Chapter 25

Showing Actual versus Potential Utilization

Utilization rollup dashboard.

Dashboard designer: Vanessa Edwards

Organization: Creative Performance Inc. (www.creativelyperform.com)

Scenario

Big Picture

You are the principal, chief operating officer, chief financial officer, or director of client services for a marketing agency (advertising, integrated, digital, design, etc.), trying to understand your agency's current performance in billable hours and fee income.

Fee income (also known as labor income) is the main source of revenue for most agencies and is directly linked to billable hours. Understanding where time is being spent across the agency is critical to managing staffing and to overall agency profitability. As direct labor cost is often the largest expense agencies have, to manage profitability effectively, you must be able to monitor labor costs in relation to your fee income and fee targets.

Specifics

You need to:

  • Understand how time entry is spent across the agency including:
    1. billable time on client projects,
    2. nonbillable time generating new business,
    3. nonbillable time spent on internal agency projects, and
    4. nonbillable time spent on internal agency administration.
  • See how each department is performing in relation to its target utilization.
  • See if a department costs you more than its potential fee income and what you could be making in additional fee income if that department hit its target utilization or a variation of that target.
  • See the breakdown of nonbillable time in order to identify the potential cause of low utilization.

Related Scenarios

  • You work in a law firm and need to compare billable hours and potential billable hours across departments and by individual attorneys and support staff. (Indeed, this would work for virtually any organization that bills on an hourly basis; e.g., software development, auto repairs, etc.)
  • You work at a restaurant and need to track employee hours as well as monitor how resources (ovens, air conditioning) and food are utilized/underutilized.
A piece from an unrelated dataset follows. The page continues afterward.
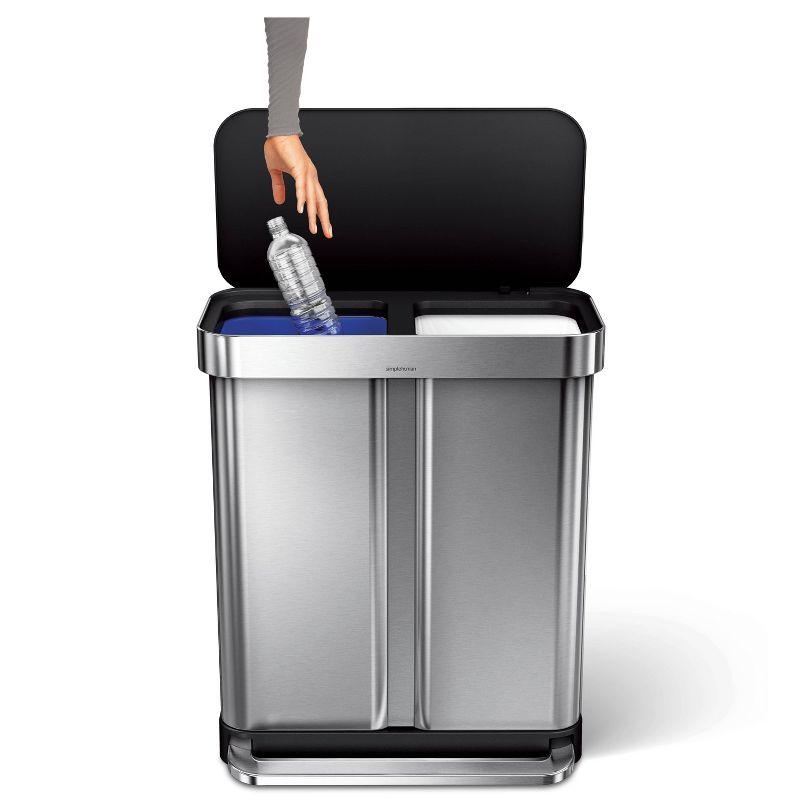 simplehuman 58L Rectangular Dual Compartment Recycling Step Trash Can Brushed Stainless Steel: Fingerprint-Resistant Garbage Can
How People Use the Dashboard

Key Performance Indicators

The numbers at the top of the dashboard represent the agency's current fees as well as the additional potential fees that could be made if the agency met its target. (See Figure 25.1.)

Key metrics shows 3.8M dollars as fees, 3.4M dollars as potential, 1.3M dollars as new biz plus opportunity, 2.6M dollars as internal projects, and plus 12.2 as FTE overstaffed.

Figure 25.1 Key metrics appear at the top of the dashboard along with a bullet chart.

The numbers at the top of the dashboard represent the agency's current fees as well as the additional potential fees that could be made if the agency met its target. In addition, the numbers show how overstaffed an agency is based on its current workload as well as the amount of gross billable dollars or opportunity cost an agency is spending both on itself and on generating new business.

  • Fees = Total amount of billable work that could be converted into labor income
  • Potential = Additional labor income that could be generated if billable targets are met
  • New Biz + Opportunity = Gross rates of billable employees spent generating new business
  • Internal Projects = Gross rate of billable employees spent on internal agency projects
  • FTE [Full-Time Equivalent] Overstaffed = How overstaffed (or “heavy”) your team is

The utilization bullet chart is a visual quick reference that immediately informs the viewer how well the organization is doing toward achieving its utilization goals. The blue line represents current agency utilization, which is the total percentage of billable time logged across the agency, while the green vertical line represents the agency's utilization potential (or a variation of that potential, depending on the drop-down selection in Figure 25.5). The difference between these lines is the agency's utilization gap and corresponds to the $3.4M potential key performance indicator (KPI; the number in green at the top of the dashboard).

You might be wondering why the green bar isn't set to 100 percent. That is because no agency is going to be able to bill its workforce at 100 percent utilization, as it is simply impossible for every hour worked to be billable to a client.1

Target versus Billable versus Nonbillable Percentages

Figure 25.2 shows how each department is performing against utilization targets. It displays both the billable (blue) and nonbillable (gray) percentage of time for each department. Behind the stacked bars are wider, lightly colored target bars, which make it easy to see which blue bars are above or below target, and by how much. The red dots quickly identify the departments that are below their utilization targets. In the figure, you see that the Creative Department is above target while the next three departments are below target. Note that Operations, Executive/Admin, and New Biz do not have targets because they are considered “overhead departments” and often don't log all their time.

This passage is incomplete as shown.